The number of people living in New Zealand who were born outside the country has topped a million with a drop in Aussies, Census figures reveal.
The much-maligned possum and Queensland fruit fly are not the only Australians to jump the Tasman and call New Zealand home, but the number of people doing the same is on the wane.
Fewer Australians are living New Zealand now than seven years ago, despite a big jump in the overall number of people born overseas residing here.
More than a quarter of the 4.2 million living in the country at the time of last year’s census were born offshore, taking the number over the one million mark for the first time.

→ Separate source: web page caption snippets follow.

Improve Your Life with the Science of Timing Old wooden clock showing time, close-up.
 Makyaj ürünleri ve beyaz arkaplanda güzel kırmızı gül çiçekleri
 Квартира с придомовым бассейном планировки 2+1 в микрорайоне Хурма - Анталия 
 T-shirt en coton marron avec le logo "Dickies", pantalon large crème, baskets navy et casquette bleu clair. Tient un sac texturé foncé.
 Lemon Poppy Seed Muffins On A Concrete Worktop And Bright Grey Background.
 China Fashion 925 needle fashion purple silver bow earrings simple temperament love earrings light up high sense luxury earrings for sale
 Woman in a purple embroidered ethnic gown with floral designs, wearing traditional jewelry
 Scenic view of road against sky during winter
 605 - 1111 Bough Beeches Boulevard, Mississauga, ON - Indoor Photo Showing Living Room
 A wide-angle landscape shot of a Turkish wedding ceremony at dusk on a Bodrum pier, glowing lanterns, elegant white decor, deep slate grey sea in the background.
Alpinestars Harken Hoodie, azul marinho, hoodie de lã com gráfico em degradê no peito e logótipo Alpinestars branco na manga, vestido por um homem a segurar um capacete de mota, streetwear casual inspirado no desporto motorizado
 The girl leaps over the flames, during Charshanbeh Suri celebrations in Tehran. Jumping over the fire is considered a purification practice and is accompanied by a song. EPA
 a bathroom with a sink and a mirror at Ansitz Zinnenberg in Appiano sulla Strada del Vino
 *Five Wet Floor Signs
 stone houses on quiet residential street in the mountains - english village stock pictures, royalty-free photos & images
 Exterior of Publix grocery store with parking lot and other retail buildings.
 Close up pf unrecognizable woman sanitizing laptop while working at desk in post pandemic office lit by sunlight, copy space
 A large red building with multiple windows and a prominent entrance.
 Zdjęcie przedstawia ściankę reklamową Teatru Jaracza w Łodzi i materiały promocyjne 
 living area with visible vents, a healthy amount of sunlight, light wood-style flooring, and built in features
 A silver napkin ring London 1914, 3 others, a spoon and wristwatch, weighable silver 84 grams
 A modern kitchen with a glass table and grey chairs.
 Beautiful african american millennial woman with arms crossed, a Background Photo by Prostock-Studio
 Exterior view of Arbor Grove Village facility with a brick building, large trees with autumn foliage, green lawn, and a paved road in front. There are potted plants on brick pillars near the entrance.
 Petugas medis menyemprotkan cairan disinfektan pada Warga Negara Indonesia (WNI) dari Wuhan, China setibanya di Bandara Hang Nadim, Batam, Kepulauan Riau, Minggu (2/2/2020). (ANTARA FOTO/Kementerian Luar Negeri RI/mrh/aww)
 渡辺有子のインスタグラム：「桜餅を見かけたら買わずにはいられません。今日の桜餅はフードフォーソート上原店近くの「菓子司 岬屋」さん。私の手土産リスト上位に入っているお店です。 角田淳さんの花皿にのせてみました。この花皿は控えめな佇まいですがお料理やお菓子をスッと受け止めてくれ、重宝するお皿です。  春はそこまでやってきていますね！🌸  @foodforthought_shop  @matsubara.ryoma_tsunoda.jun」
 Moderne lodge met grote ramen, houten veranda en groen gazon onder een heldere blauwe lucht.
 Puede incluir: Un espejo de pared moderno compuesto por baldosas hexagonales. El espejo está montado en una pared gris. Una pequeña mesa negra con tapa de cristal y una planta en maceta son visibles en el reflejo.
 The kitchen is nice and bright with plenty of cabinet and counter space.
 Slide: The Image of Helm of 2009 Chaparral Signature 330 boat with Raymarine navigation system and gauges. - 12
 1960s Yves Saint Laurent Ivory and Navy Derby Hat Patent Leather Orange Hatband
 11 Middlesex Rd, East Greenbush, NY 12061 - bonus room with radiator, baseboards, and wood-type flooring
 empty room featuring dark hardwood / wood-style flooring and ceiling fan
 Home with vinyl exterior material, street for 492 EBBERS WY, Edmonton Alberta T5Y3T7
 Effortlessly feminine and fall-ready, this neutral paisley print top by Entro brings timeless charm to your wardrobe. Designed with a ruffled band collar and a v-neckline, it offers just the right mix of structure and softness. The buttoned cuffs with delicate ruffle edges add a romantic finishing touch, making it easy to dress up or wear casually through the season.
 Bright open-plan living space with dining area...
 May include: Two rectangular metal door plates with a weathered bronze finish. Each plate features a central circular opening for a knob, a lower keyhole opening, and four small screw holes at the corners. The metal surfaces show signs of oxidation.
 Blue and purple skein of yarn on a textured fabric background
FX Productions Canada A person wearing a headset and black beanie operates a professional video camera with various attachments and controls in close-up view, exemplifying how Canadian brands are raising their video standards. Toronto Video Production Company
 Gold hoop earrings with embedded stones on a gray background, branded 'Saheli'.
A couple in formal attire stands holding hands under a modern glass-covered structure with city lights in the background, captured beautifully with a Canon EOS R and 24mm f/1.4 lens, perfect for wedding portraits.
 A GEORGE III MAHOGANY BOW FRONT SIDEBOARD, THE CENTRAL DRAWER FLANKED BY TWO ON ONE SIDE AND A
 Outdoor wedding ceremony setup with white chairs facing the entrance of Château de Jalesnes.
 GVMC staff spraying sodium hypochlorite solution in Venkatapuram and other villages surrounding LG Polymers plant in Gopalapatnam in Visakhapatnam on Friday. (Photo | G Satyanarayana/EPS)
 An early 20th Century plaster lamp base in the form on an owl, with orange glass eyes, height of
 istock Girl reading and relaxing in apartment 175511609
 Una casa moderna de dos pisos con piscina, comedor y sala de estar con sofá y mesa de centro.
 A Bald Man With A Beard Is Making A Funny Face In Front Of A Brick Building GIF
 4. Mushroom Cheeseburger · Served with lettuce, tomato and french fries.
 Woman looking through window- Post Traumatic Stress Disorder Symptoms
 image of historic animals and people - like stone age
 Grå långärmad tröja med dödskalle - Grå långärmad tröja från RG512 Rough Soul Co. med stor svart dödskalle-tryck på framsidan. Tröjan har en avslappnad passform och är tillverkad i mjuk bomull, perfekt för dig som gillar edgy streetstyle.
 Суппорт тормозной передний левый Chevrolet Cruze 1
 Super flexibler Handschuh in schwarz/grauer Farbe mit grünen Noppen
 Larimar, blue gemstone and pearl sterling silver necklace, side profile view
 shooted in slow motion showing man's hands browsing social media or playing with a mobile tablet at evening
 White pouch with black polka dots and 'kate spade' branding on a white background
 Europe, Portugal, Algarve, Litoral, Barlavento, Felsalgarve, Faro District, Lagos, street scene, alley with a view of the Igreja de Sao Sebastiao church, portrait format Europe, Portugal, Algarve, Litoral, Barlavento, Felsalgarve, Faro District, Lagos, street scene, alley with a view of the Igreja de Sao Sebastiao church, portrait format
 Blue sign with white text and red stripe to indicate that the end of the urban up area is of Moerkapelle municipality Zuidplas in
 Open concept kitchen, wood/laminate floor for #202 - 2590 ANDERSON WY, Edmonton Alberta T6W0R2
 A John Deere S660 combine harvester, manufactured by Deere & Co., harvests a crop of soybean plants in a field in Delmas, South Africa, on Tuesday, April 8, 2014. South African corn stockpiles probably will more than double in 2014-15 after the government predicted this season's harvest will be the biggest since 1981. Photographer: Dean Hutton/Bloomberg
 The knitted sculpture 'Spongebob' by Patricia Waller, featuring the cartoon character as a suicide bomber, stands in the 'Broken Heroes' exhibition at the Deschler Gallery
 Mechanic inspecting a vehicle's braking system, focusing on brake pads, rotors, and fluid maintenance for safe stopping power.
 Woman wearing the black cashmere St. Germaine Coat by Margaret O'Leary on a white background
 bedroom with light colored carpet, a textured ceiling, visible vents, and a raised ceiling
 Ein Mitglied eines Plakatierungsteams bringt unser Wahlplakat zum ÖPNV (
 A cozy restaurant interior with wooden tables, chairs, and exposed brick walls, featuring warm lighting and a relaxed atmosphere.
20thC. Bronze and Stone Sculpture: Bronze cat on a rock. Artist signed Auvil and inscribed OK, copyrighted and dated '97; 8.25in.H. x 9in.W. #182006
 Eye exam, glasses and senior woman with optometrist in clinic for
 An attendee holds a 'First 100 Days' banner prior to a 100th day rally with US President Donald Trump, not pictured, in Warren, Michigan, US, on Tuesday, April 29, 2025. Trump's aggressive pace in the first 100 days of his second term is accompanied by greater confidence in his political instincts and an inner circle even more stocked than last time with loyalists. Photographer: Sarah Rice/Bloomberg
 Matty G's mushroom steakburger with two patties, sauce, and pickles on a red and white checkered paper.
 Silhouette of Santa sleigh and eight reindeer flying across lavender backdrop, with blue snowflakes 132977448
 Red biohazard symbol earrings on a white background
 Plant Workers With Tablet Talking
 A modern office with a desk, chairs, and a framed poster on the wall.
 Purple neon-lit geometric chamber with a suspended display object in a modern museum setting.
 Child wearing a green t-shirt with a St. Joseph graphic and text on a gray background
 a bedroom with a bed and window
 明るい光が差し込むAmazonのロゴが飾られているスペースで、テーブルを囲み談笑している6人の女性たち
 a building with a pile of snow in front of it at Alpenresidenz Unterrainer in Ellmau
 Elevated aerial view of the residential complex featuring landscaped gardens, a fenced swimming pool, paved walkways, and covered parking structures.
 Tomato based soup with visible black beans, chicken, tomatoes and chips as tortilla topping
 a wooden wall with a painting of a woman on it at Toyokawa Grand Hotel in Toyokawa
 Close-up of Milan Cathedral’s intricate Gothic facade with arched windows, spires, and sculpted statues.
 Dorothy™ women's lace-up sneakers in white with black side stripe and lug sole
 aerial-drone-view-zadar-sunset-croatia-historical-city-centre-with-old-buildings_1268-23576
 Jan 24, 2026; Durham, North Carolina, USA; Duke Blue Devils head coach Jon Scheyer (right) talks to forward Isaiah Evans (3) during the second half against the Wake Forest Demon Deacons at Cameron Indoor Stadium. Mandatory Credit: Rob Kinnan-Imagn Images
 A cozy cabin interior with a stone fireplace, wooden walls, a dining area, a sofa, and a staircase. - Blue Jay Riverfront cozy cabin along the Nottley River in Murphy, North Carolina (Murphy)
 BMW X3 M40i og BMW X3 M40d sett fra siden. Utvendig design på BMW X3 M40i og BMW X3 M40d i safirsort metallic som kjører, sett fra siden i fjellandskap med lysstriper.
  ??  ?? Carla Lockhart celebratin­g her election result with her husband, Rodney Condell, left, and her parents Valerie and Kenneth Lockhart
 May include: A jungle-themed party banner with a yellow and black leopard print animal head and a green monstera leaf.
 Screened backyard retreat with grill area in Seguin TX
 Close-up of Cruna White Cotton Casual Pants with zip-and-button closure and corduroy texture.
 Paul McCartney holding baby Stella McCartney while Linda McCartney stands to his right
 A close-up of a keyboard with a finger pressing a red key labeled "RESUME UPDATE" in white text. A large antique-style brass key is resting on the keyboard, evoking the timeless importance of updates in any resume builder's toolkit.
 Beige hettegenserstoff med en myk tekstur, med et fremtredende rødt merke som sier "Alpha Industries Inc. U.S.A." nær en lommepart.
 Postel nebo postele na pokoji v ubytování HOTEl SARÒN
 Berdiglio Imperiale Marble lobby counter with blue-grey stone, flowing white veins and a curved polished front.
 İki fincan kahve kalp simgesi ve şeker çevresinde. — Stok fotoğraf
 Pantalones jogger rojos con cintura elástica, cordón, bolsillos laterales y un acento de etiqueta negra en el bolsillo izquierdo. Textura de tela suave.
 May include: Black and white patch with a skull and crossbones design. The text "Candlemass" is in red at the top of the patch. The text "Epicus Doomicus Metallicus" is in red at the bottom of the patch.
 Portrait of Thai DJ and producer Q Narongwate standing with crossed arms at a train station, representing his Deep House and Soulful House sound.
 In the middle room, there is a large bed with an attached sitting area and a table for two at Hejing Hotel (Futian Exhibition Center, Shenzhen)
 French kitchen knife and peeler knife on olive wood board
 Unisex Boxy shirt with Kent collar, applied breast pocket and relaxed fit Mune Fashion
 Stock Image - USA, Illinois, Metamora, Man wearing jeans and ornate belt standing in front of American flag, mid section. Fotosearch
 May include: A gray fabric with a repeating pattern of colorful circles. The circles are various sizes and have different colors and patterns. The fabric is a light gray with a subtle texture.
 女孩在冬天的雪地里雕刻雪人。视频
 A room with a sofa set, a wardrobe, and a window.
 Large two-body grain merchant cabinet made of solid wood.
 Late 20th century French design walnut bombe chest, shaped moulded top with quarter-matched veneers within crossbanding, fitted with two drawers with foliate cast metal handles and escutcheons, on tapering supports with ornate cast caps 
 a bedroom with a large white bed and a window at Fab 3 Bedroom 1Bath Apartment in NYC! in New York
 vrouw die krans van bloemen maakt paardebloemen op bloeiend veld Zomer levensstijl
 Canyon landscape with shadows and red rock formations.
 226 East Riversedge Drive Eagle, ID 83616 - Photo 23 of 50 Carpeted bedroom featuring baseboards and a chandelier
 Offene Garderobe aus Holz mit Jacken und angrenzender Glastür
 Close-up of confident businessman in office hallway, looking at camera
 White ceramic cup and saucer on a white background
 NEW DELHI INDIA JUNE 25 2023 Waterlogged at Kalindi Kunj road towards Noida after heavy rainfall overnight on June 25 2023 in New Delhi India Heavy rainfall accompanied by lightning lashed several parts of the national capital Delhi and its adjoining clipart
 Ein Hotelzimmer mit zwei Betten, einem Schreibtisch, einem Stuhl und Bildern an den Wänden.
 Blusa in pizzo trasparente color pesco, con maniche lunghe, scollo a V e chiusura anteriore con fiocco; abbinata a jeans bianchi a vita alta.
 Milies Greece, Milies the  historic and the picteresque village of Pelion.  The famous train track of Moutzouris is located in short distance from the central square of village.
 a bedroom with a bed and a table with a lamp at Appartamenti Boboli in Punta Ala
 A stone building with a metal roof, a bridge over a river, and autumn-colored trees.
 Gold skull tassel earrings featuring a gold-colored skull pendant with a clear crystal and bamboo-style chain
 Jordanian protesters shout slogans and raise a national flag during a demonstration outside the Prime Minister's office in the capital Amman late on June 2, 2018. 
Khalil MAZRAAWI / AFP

Of those, 21.5 per cent were born in England, with China second at just shy of 9 per cent.
Almost 14,000 more India-born people were living in New Zealand since the 2006 census for the nation to leapfrog Australia into third on the list of countries contributing to the population.
Thirty fewer people born in Australia were living here compared with seven years ago.
Despite England still contributing the biggest percentage, the geographic region of United Kingdom and Ireland has slipped behind Asia as the most common birthplace.
“Back in 1961, two-thirds of overseas-born people came from the United Kingdom and Ireland. By 2013, that figure had dropped to just over a quarter,” Census general manager Gareth Meech said.
Asians made up 31.6 per cent of those born outside New Zealand.
Auckland was home to more overseas-born people than any other region in New Zealand with 39.1 per cent of the city’s residents born abroad compared to 18.2 per cent for those outside the region.